Desperate appeals to investment
Merkel enjoys a good reputation in Africa, mainly due to her historic decision on refugees in 2015 — for which German voters effectively placed her in the pillory. So her hosts are pleased about the visit, as it plays directly into their campaign plans one way or another. The German media accompanying the tour also got their hoped-for headlines which clarify the connection between investment and migration limitations. So far, so good.

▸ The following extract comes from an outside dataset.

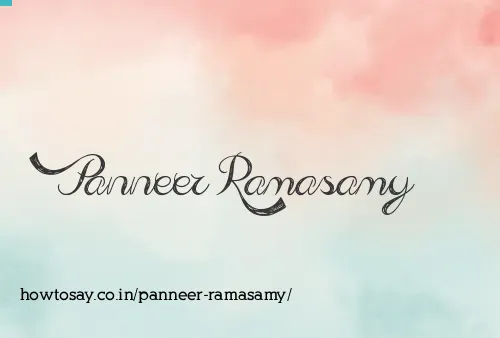 Panneer Ramasamy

But the trip does not solve the Gordian Knot that is Germany’s Africa policy. Merkel is rightly promoting German investment. Of the 400,000 German companies operating abroad, just 1,000 are involved in Africa. And if you don’t count South Africa, barely 400 companies remain. Only every thousandth German company operates abroad at all — so when Merkel makes her blatant appeals to the other 999, Africans are delighted. But the chancellor can’t please everyone. Only China gets that — and the Chinese are already everywhere. Above all, last year — Germany’s so-called ‘Africa Year’ — generated a large number of position papers, guidelines and cooperation initiatives. The Federal Ministry of Finance wants to create secure investment partnerships alongside the G20 Compact with Africa (CwA) program. The economic minister with the Pro! Africa initiative sharpened the instruments to promote foreign trade and helped Müller save the continent single-handedly with the so-called ‘Marshall Plan’ for Africa.

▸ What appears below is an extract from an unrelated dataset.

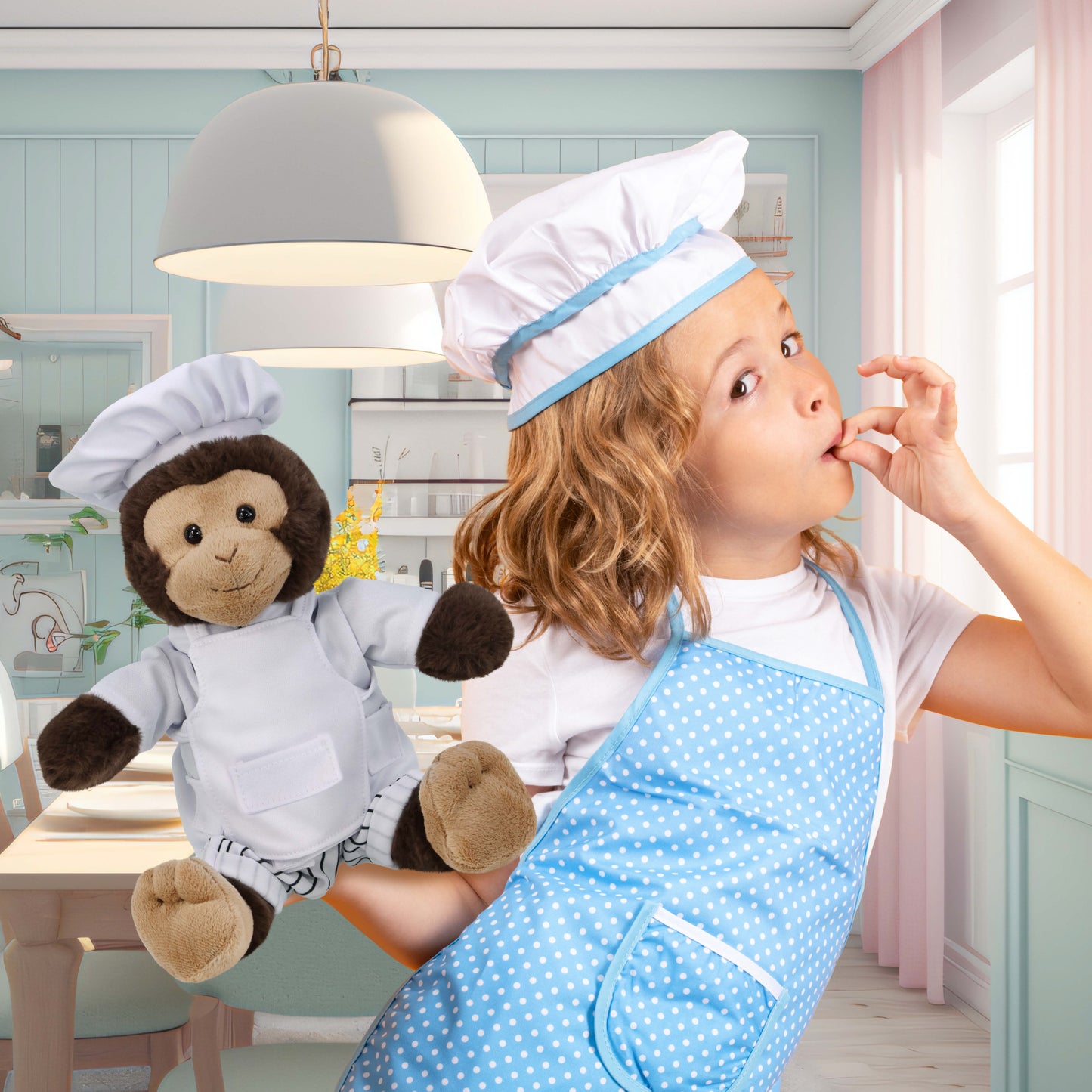 PLUSH DRESS-UP - CHEF OUTFIT - FITS 8 - 10 INCH PLUSH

A few of these measures seem to be taking effect in the meantime. By July, direct investment for 2018 exceeded the previous year by over €1 billion ($1.16 billion). Export credit guarantees — especially the Hermes cover — make investing easier.

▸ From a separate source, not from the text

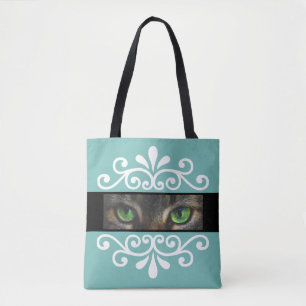 Stilvoller floraler Vektor Katzen Augen Custom Fot Tasche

But Germany is exaggerating with these claims. Trade with Africa can only be changed though the European Union (EU). But the EU’s threshold for these kinds of trade agreements is quickly approaching — the Economic Partnership Agreements (EPAs), which Brussels has little to complain about, are overtaxing economies in their current form, according to experts from Africa. The tariffs that Müller demands be abolished are not the obstacle here — because there is no such thing. The core problem is that there is hardly any finishing industry in Africa, meaning there are less competitive finished products and, therefore, hardly any jobs. Beans, tomatoes and cut flowers still find their way to the EU market. But the few finished products fail — if not because they already lack power in Africa, then due to the bureaucratic requirements and the necessary certifications. This is where Germany could help.
Paradigm shift inevitable
When it comes to dealing with African countries, new policies and papers are not needed — rather a mental paradigm shift. They are formulating their own interests more clearly than before: from natural resources over security to the prevention of illegal migration. Germany does not have to act like a headteacher, but it should choose its partners based on clearly communicated standards. It should drop its image as a helper-of-sorts and instead act more like a colleague when it comes to dealing with its African partners. Instead of having a hidden Africa Minister in the Development Ministry, alongside competing staff units in three other ministries, there should be one strong coordinator in the Chancellery.
A similar model is recommended for Brussels — because the practice of obstructing refugees on the Mediterranean from entering another country must be linked to perspectives. For example, a coordinated investment and trade program that also examines the still-unbelievably-high European agricultural subsidies. Germany, perceived as a European economic powerhouse, must also remain a reliable partner for fragile democracies and civil societies. If it wants to act credibly, it must also confront its colonial legacy — as is the case in Namibia. It’s a painful process, but one that Germany could have started with in earnest by having the chancellor herself address the issue of compensation in person, rather than sending a junior minister instead.